Segment Start: Listed records

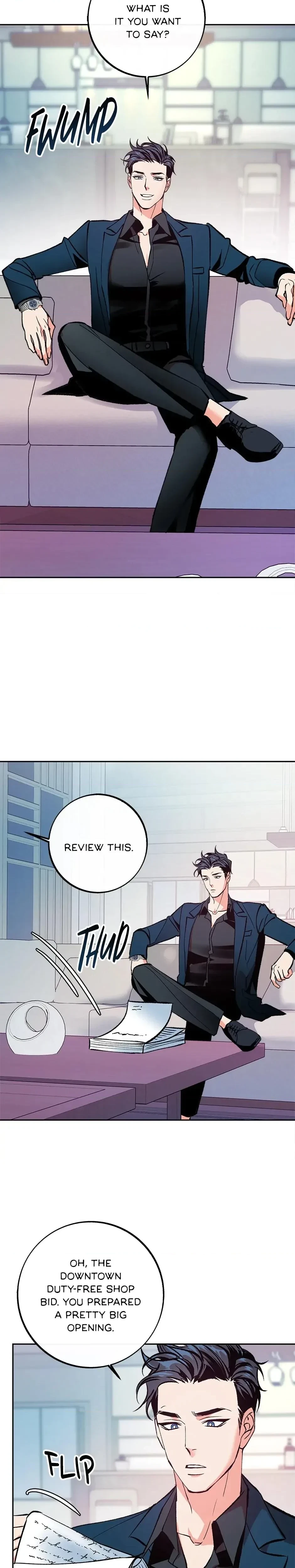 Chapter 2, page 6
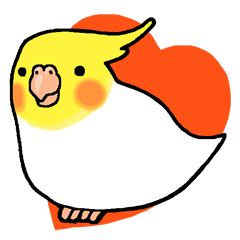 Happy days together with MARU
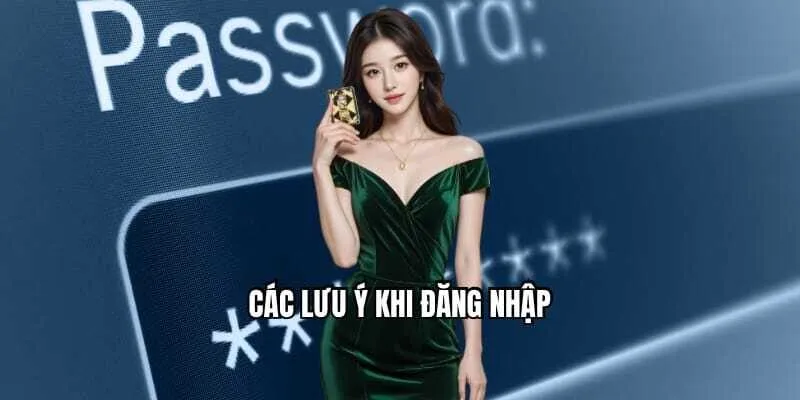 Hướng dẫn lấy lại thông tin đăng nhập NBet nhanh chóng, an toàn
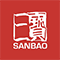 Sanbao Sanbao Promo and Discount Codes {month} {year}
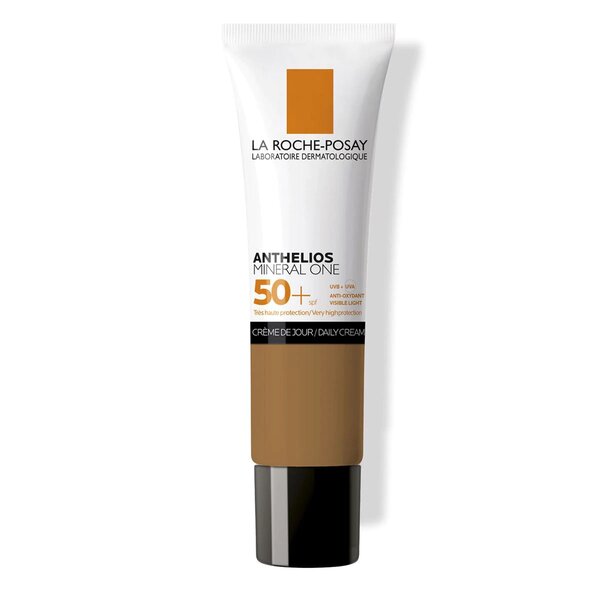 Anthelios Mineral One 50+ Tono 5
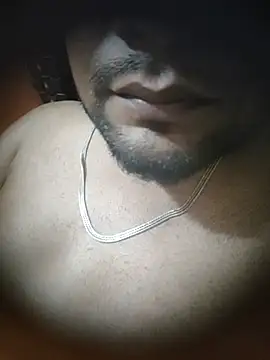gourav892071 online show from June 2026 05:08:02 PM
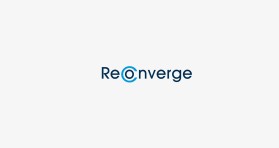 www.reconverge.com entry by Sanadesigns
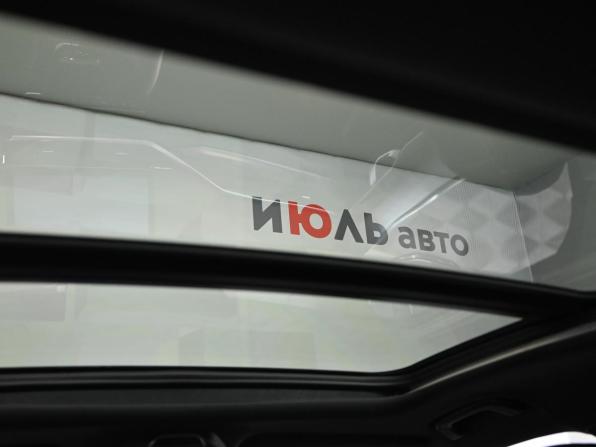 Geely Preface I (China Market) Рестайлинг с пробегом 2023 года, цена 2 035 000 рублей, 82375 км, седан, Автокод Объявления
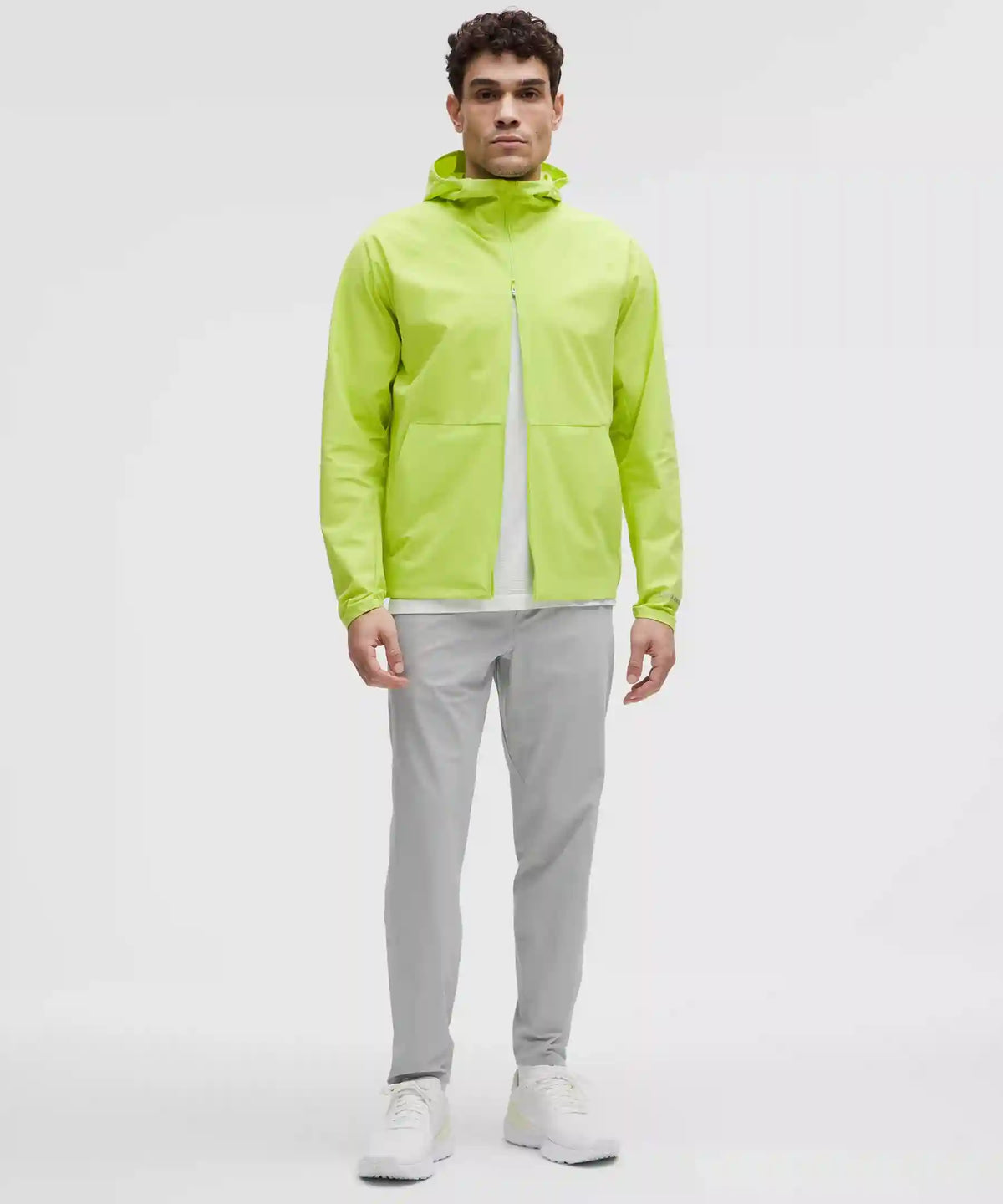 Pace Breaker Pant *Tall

Segment End: Listed records

- **Problem to solve**:
All lines from the one containing "Geely Preface I" through the final line of the records are to be retyped exactly; no other lines and no pictures are to be included.

- **Written response**:
 Geely Preface I (China Market) Рестайлинг с пробегом 2023 года, цена 2 035 000 рублей, 82375 км, седан, Автокод Объявления
 Pace Breaker Pant *Tall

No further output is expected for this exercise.